The difficulty that remains for an end-to-end model is how to extract useful information for the controller to estimate the navigational controls properly. This can be overcome by providing substantial amounts of data to the perception module so that it can better understand the environment. Additionally, a sensor fusion technique can be implemented to elevate performance as it fuses different sensors to obtain multiple data aspects.
However, this larger model is needed to process more data and causes a substantial computation load. Furthermore, it requires a data preprocessing technique as multiple sensors can produce different data modalities. Imbalance learning during the training process can also cause issues as the model performs perception and control tasks at the same time.
Refining AI
To overcome these limitations, the researchers developed an AI model trained with end-to-end and multi-task manners that included two main modules – the perception and controller modules. The perception phase starts by processing RGB images and depth maps from a single RGBD camera.
Information is then extracted from the perception module in addition to vehicle speed measurement and route point coordinates which are decoded by the controller module to estimate the navigational controls.
To guarantee that all tasks are performed equally, the team utilise an algorithm called modified gradient normalisation (MGN) to balance the learning signal throughout the training process. The team used imitation learning, allowing the model to learn from a larger dataset to achieve a near-human performance. The researchers also designed the AI to use a smaller number of parameters than others to reduce the computational load.
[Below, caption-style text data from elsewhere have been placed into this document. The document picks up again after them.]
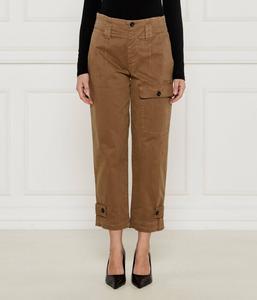 Брюки-карго женские Pinko короткие с карманами, коричневый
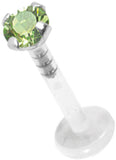 3mm Prong Set Labret with Swarovski attachment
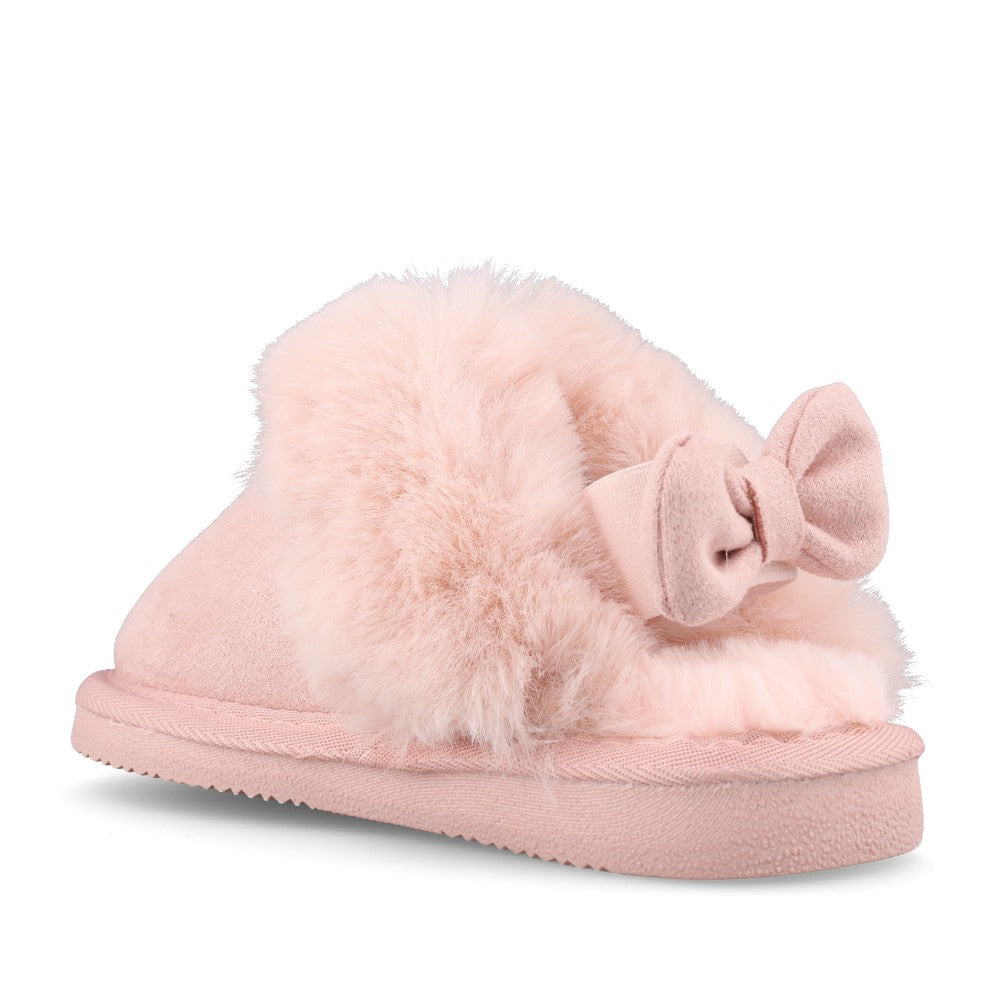 Clarks Girls Toastie Bow K G-Fit Slipper in Pink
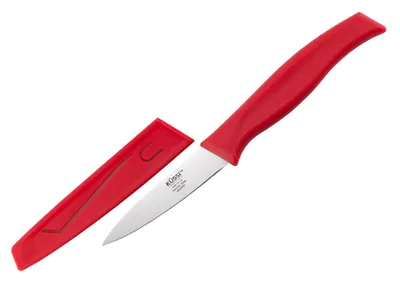 Kussi 3" Paring Knife with Sheath - Red (8000RD)
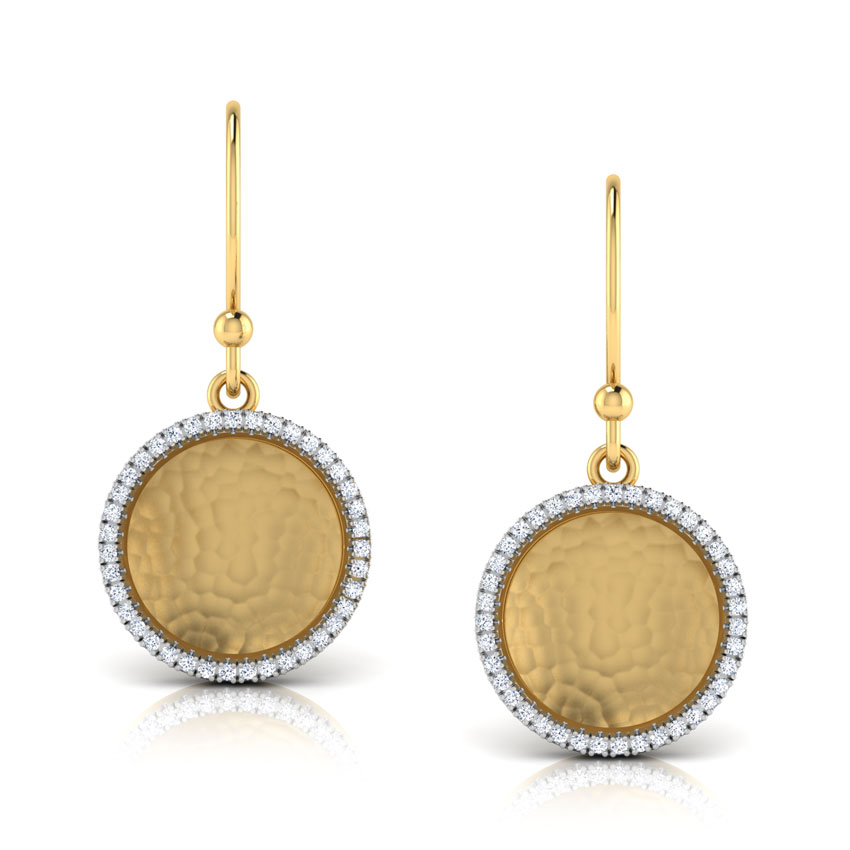 Isidora Hammered Diamond Drop Earrings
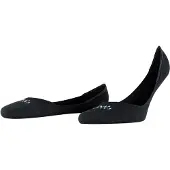 Falke Cool 24/7 Herren Füßlinge, 39-40, Schwarz, Uni, Baumwolle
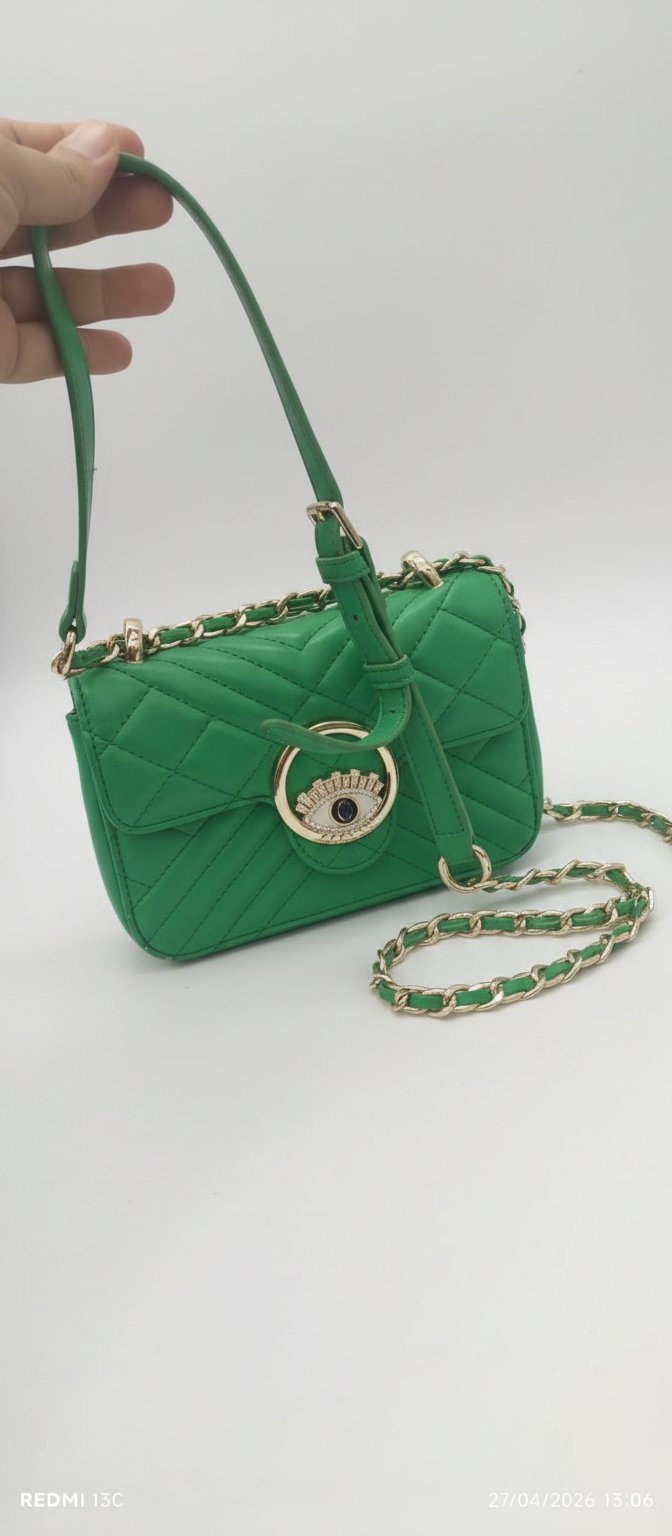 Sac vert  de la marque strass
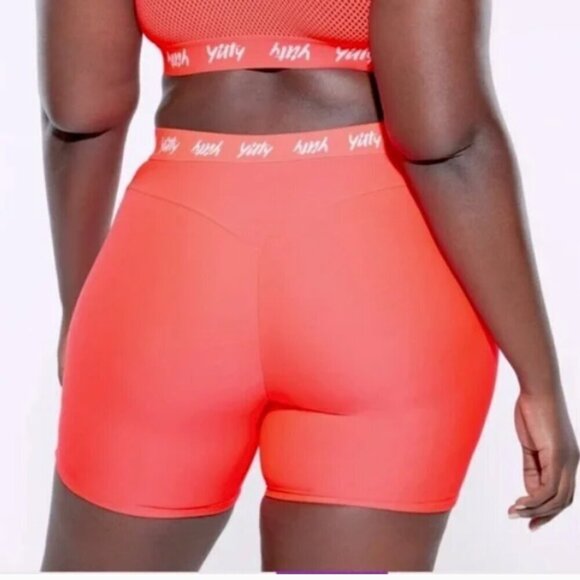 Yitty hot pink high rise biker shorts - Picture 2 of 7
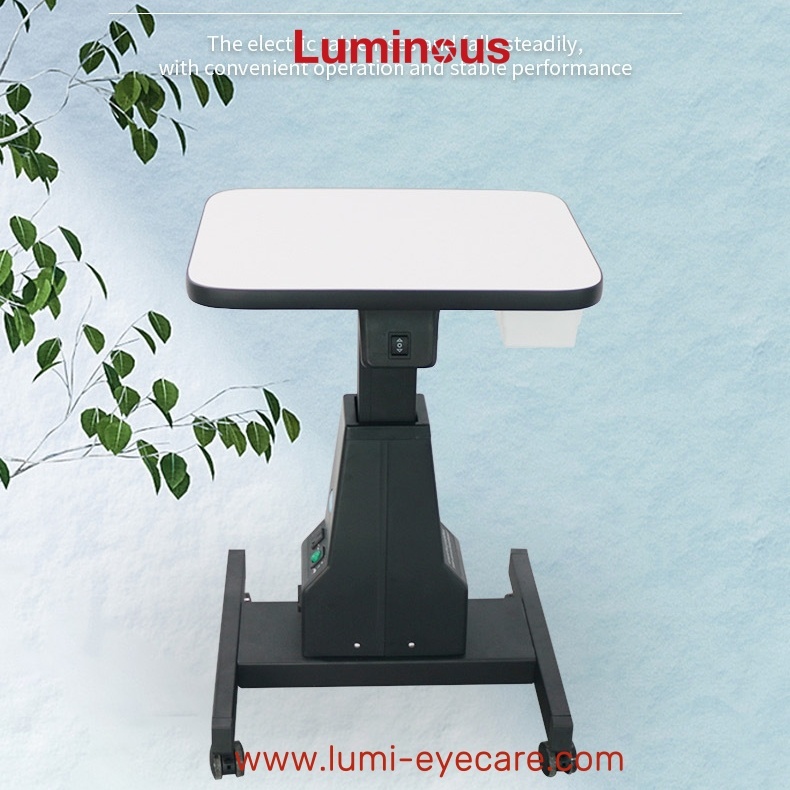 Motorized Table for Refractometer Lensmeter Slit Lamp Table WZ-3A Small Lift Table Ophthalmic Equipment Ophthmology Instrument-Black Color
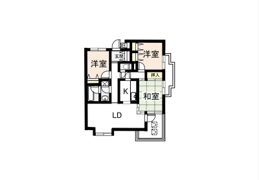 リズ市川平田の間取り画像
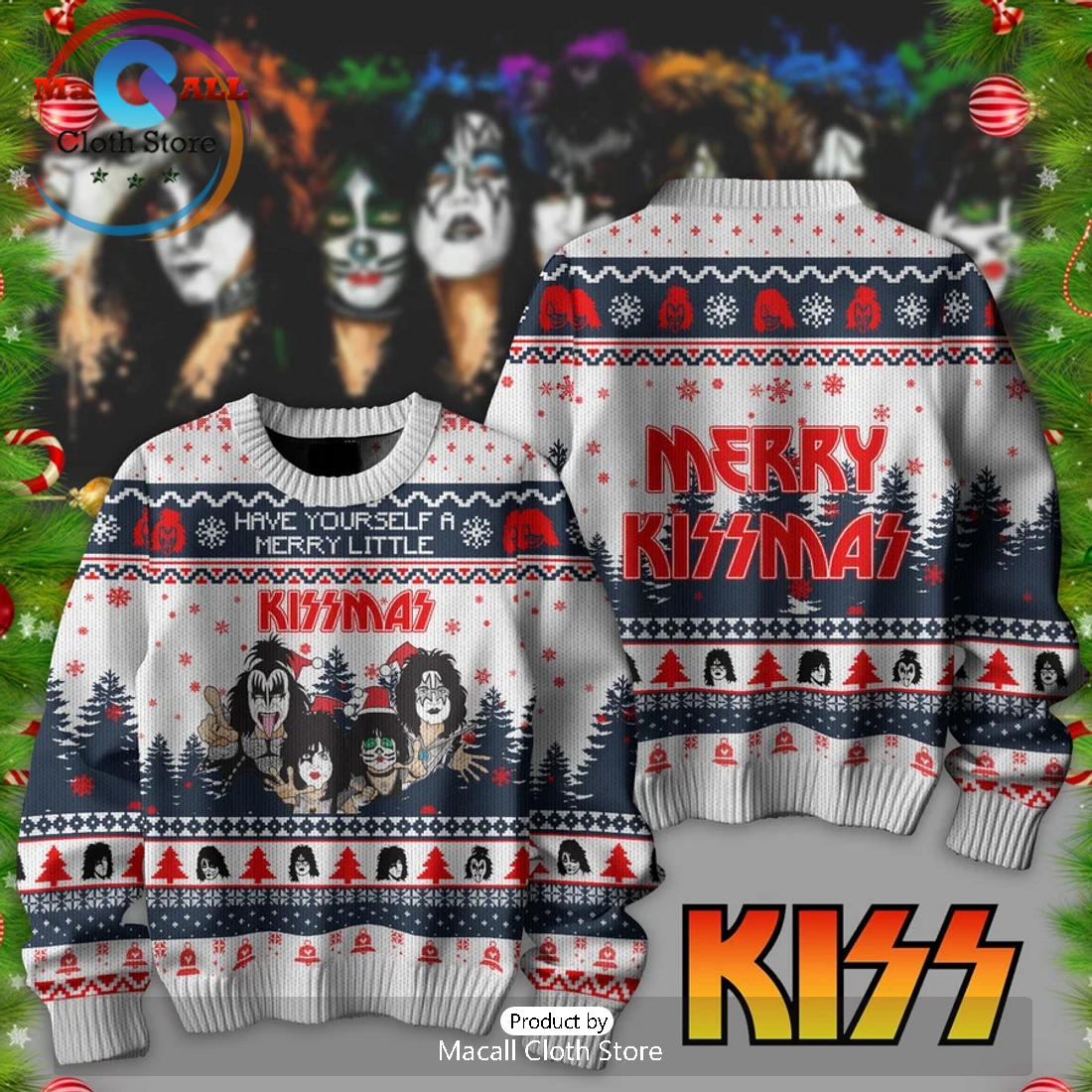 Merry Kissmas 2024 Christmas Sweater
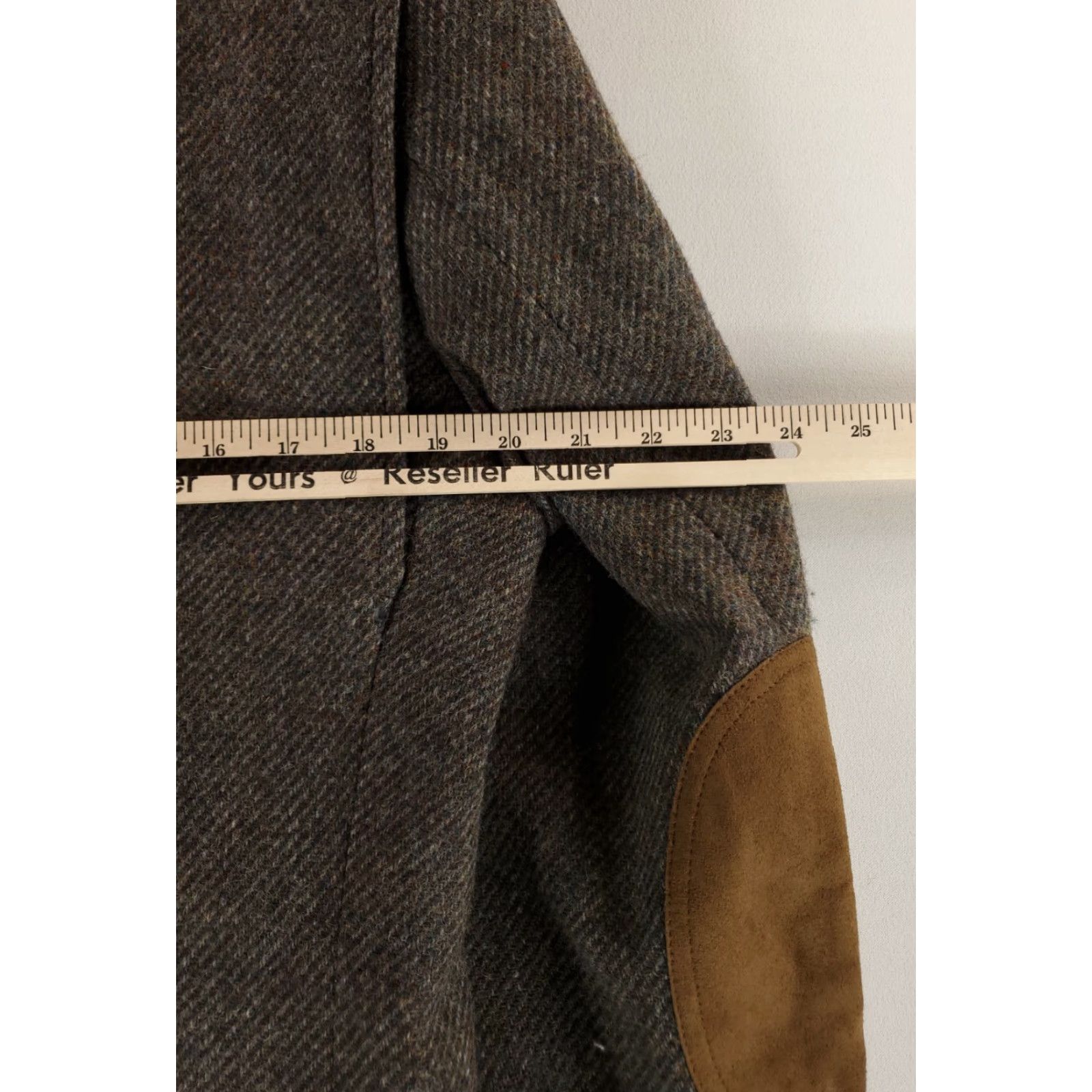Pendleton VINTAGE Pendleton Sport Coat Jacket Blazer Tweed Brown Elbows Made USA Mens 40 Mens Brown 40 Size 40R - 6 Thumbnail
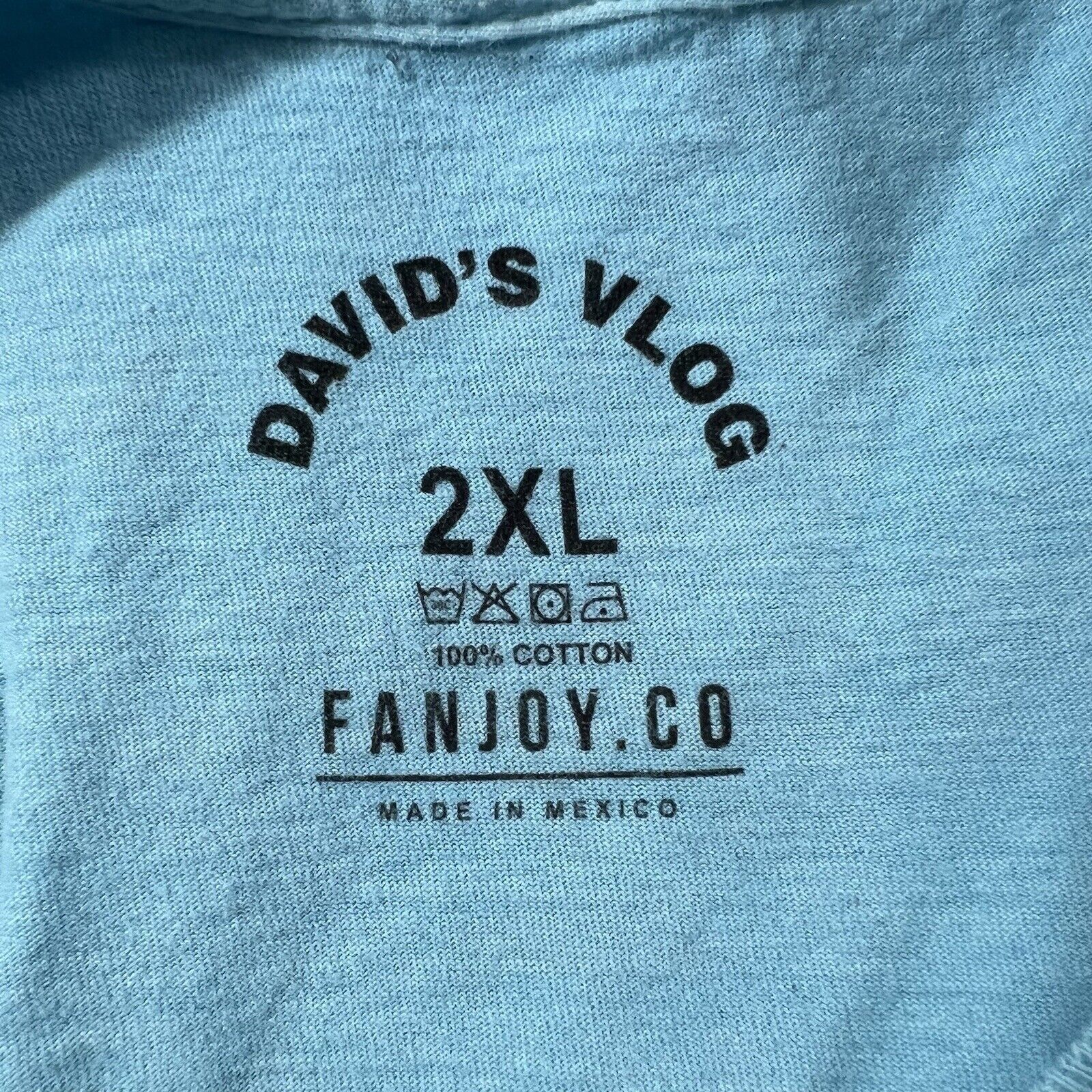 Other David's Vlog XXL Light Blue David Dobrick Graphic T Shirt Size US XXL / EU 58 / 5 - 3 Thumbnail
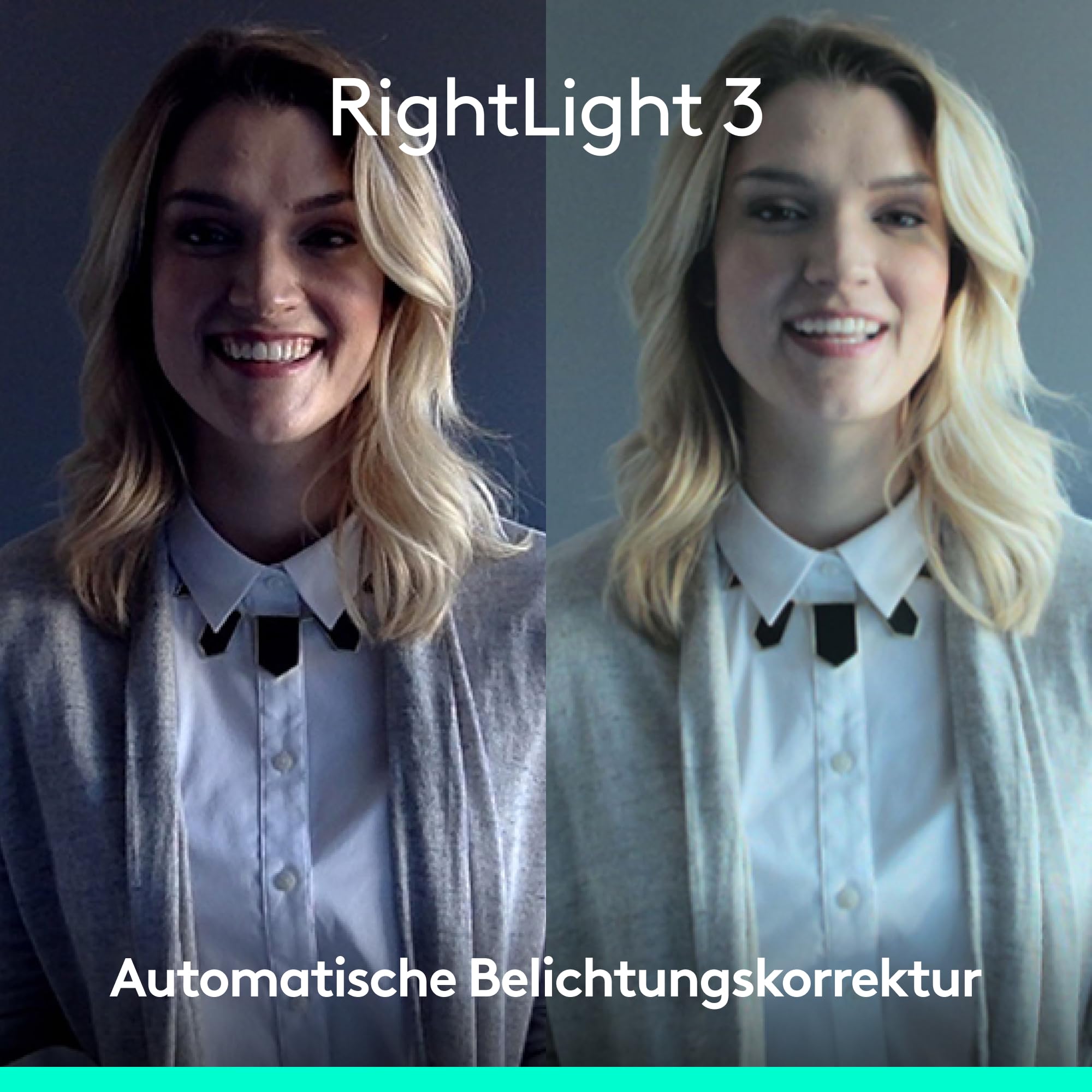 Logitech Brio 4K Webcam, Videogespräche, Mikrofon mit Geräuschunterdrückung, automatische HD-Belichtungskorrektur, Microsoft Teams, Zoom, Google Voice, Meet, PC/Mac/Notebook/MacBook - Graphit 5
Using a standard autonomous driving simulator known as CARLA showed that fusing RGB images and depth maps to create a birds-eye-view (BEV) semantic map boosted overall performance. This is because the perception model better understands the scene, and the controller module can utilise data to estimate the navigational controls optimally.
The team concluded that the AI model is preferable for deployment in autonomous vehicles as it achieves better drivability with fewer parameters than other models. They are now working to improve the model to perform better in poor illumination conditions, such as at night and in heavy rain.